Dual Fan juckt mich nicht die Bohne, ich hatte nie Probleme oder Nachteile mit Singlefan. Strix 56 liegt bei 260, Strix 2060 bei fast 400. Zudem finde ich sie aufgrund der 8GB Ram attraktiver und sie scheint auch einen Ticken schneller zu sein, wenn ich die Benchmarks richtig im Kopf habe. 

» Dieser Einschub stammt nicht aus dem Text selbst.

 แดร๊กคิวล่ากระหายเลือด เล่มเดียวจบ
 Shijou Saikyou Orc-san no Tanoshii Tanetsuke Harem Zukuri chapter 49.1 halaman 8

Welcher Durchschnittszocker hat überhaupt einen Pc? Die meisten haben doch ne Konsole und Undervolten ist ja kein Hexenwerk. Dauer mit Youtubeanleitung keine 2 Minuten. Ich würde sogar behaupten, dass die meisten Vega Besitzer Undervolten. 60 Euro in 4 Jahren und bei Undervolten noch deutlich weniger? Klingt gut, spart man dafür beim Kaufpreis ein und hat zukunftssicherere 8GB.


----------



## Herbboy (26. Juni 2019)

HansHa schrieb:


> Dual Fan juckt mich nicht die Bohne, ich hatte nie Probleme oder Nachteile mit Singlefan. Strix 56 liegt bei 260, Strix 2060 bei fast 400. Zudem finde ich sie aufgrund der 8GB Ram attraktiver und sie scheint auch einen Ticken schneller zu sein, wenn ich die Benchmarks richtig im Kopf habe.
> 
> Welcher Durchschnittszocker hat überhaupt einen Pc? Die meisten haben doch ne Konsole und Undervolten ist ja kein Hexenwerk. Dauer mit Youtubeanleitung keine 2 Minuten. Ich würde sogar behaupten, dass die meisten Vega Besitzer Undervolten. 60 Euro in 4 Jahren und bei Undervolten noch deutlich weniger? Klingt gut, spart man dafür beim Kaufpreis ein und hat zukunftssicherere 8GB.


naja, wie du meinst...


----------



## dakader14 (26. Juni 2019)

Habe mit "Core Temp" mal geschaut, wie heiß die CPU bei AC Origins wird. Gemütliche 100° 
Im Leerlauf ca. 50° 

Kann es bei dem Pure Rock Platzprobleme wegen den RAM Riegeln geben?


----------



## Herbboy (26. Juni 2019)

dakader14 schrieb:


> Habe mit "Core Temp" mal geschaut, wie heiß die CPU bei AC Origins wird. Gemütliche 100°
> Im Leerlauf ca. 50°


 Dann wird es höchste Zeit!




> Kann es bei dem Pure Rock Platzprobleme wegen den RAM Riegeln geben?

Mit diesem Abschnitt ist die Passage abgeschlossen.